In my earlier post entitled "What's the Score of the Game?" I presented the concept that what ultimately matters with web application security is how the application performs during a "Real Game" which means when it is deployed live on the production network. Everything else that happens before that time is preparation. It is important preparation, however no one is given the Lombardi Trophy based on how hard they practiced! No, you actually have to play in and win the Super Bowl in order to obtain that hardware :) So, referencing back to the title of this post, if the production network is "where" the webappsec game is actually played, then the next logical question is "How do we keep score?"

This is where web security metrics come into play.

When I say web security metrics, I am referring to data that is relevant to answering the question - Are we winning or losing the game? By that I mean - in football in order to win the game you have to have more points than your opponent at the end of the game. In webappsec, if you are in charge of defending a web application, you win if an attacker tries to compromise your site and is unable. This seems like a "Duh" statement but it actually isn't when you consider how many web security vendors try and tell you the "Score of the Game". Most vendors will present customers with colorful pie charts stating that a web site has X number of vulnerabilities or that they blocked X number of attacks. This is like asking someone who won the Giants vs. Patriots game and getting a response of - the Patriots completed 35 passes while the Giants intercepted them 3 times. Not really answering the question is it? While some customers may be distracted by eye-catching graphical displays of this information, the savvy ones will ask this key question - Were there any successful attacks? The answer to this question will tell you the score of the game - did the opponent score any touchdowns??? All other data is corollary.

Sidebar - realistically you are dealing with two different types of attacks - the automated kind where an attacker is targeting a specific vuln and searching for sites that have it or the manual type where the attacker is targeting your site specifically and they must then find a vuln to exploit. In the former case, it is like when a football opponent tries one desperate Hail-Mary pass down the field as time expires. If you bat the football down, you win. If you don't, you lose. In the latter case, it is like a methodical 99-yard drive down the field where your opponent is running 2-yard dive plays left and right and slowly marching down the field. If you give them enough time, then they will most likely score. In this case, it is critical that your webappsec defenses are such that you are able to force the attacker to manually try and search for complex logical attacks or develop evasions, you might then be able to implement countermeasures to prevent them access before being successful.

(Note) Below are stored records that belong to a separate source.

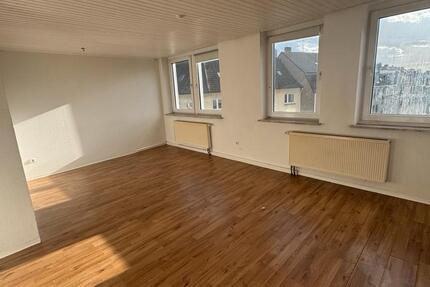 Wohnung Düsseldorf Derendorf - 2 Zimmer, 85 m&sup2;, 650&euro; | Angebot:25963709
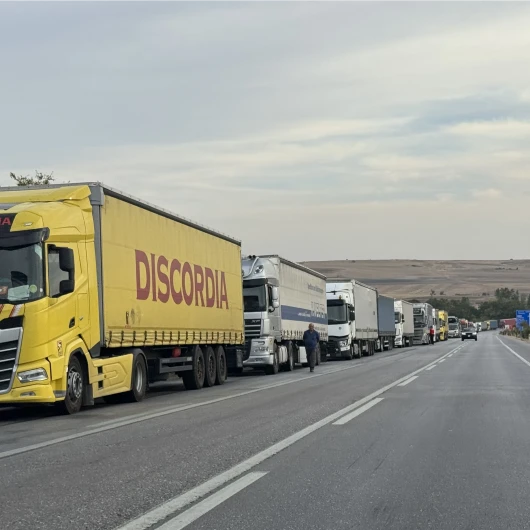 Hamzabeyli Sınır Kapısı'nda Tır Kuyruğu 30 Kilometreye Ulaştı
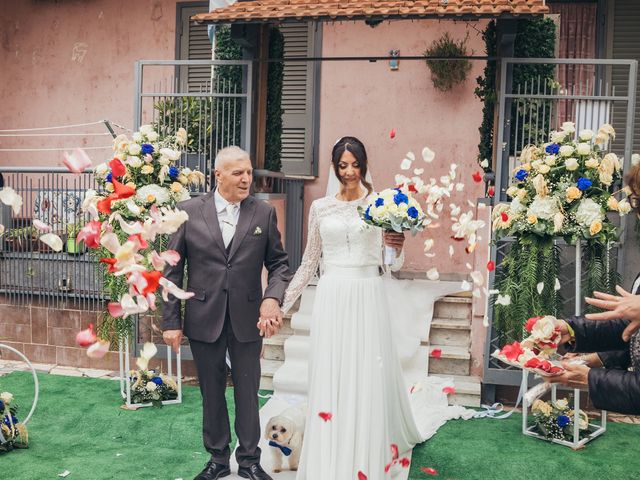 Il matrimonio di Michela e Raffaele a Pozzuoli, Napoli 14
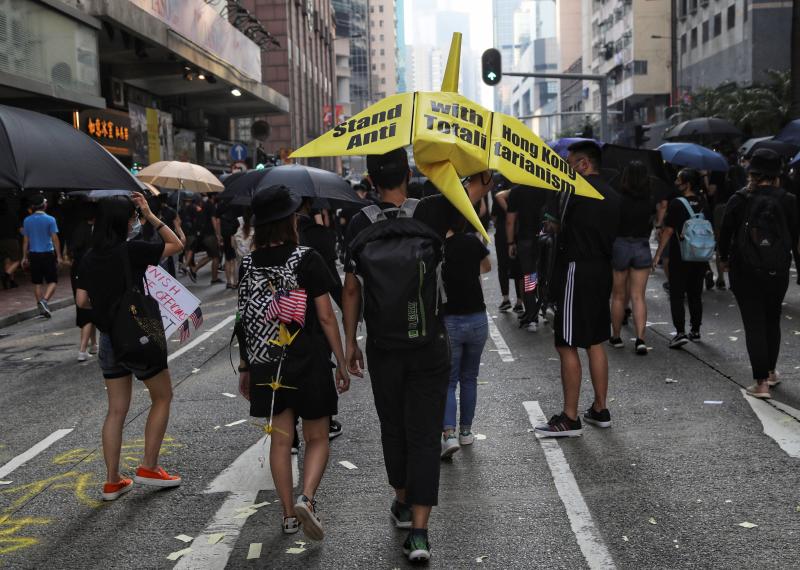 La violencia se apodera de las calles de Hong Kong. Las fuerzas policiales desplegadas por las crecientes protestas ha utilizado por primera vez munición real y un manifestante ha resultado herido de gravedad. Este suceso coincide con la celebración de los setenta años de la República Popular de China, que ha llenado el país de actos conmemorativos.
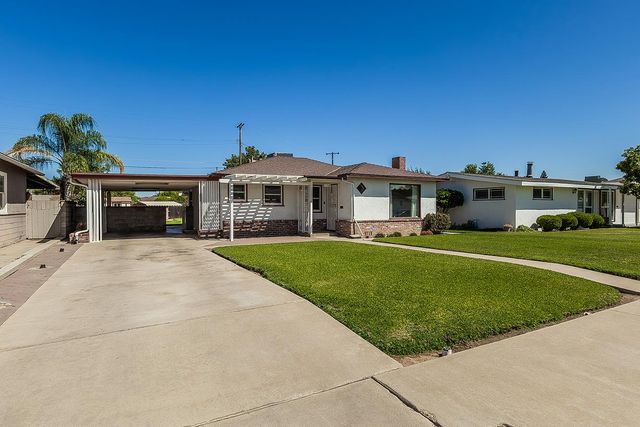 1708 Cherry Avenue, Sanger, CA 93657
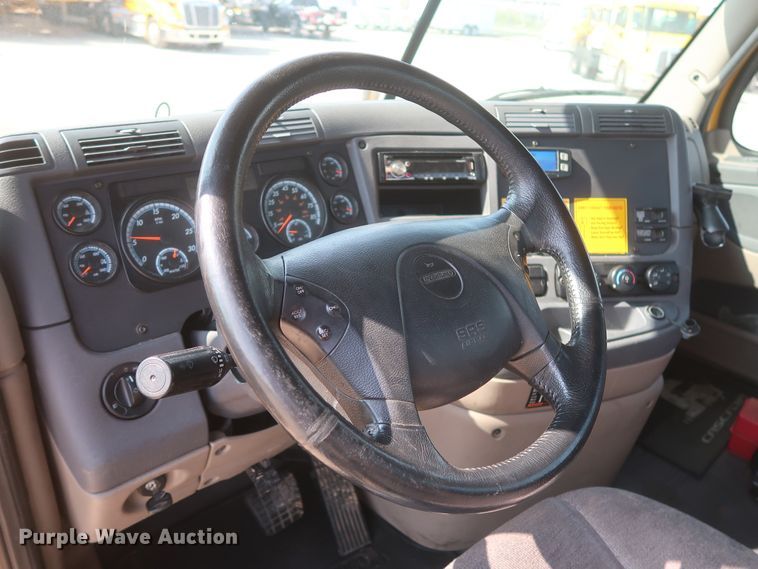 image for item HJ9351 2016 Freightliner Cascadia 125  semi truck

With this concept as a backdrop, let me present the web security metrics that I feel are most important for the production network and gauging how the web application's security mechanisms are performing -

  1. Web Transactions per Day - This should be represented as a number (#) and establishes a baseline of web traffic and provides some perspective for the other metrics. Some WAFs will be able to keep track of this data on their own. If this is not possible then you would need to correlate web server log data.
  2. Attacks Detected/True Positive - This data should be represented as both a number (#) and as a percentage (%) of item 1 - total web transactions. This data is a general indicator of malicious web traffic. These numbers are presented in a all WAF reporting functions.
  3. Missed attacks/False Negative - This data should be represented as both a number (#) and as a percentage (%) of item 1 - total web transactions. This data is a general indicator of the effectiveness of the web application firewall's detection accuracy. This is the key metric that is missing when people are trying to determine their webappsec success. If the WAF is configured for "alert-centric" logging and therefore only logging blocked attacks then you will not be able to report on this data automatically using the WAFs built-in reporting facilities. If, on the other hand, the WAF audit logging all relevant traffic (requests for non-static resources, etc...) then an Analyst would have raw data to conduct batch analysis and identify missed attacks. The fall-back data source would be whatever incident response processes exist for the organization. There may be other sources of data (web logs, IDS, etc...) where a web attack may be confirmed.
  4. Blocked Traffic/False Positive - This data should be represented as both a number (#) and as a percentage (%) of item 1 - total web transactions. This data is a general indicator of the effectiveness of web application firewall's detection accuracy. This is very important data for many organizations because blocking legitimate customer traffic can mean missed revenue. This can usually be identified by evaluating any Exceptions that needed to be implemented by the WAF in order to allow "legitimate" traffic that was otherwise triggering a negative security rule or signature. Besides Exceptions, this data can be identified in Reports if the WAF has appropriate alert ticketing interfaces where an Analyst can categorize the alert.
  5. Attack Detection Failure Rate - This data should be represented as a percentage (%) and is derived by adding items 3 (False Negatives) and 4 (False Positives) and then dividing by item 2 - True Positives. This percentage will give an overall effectiveness of web application firewall's detection accuracy - meaning the Score of the Game.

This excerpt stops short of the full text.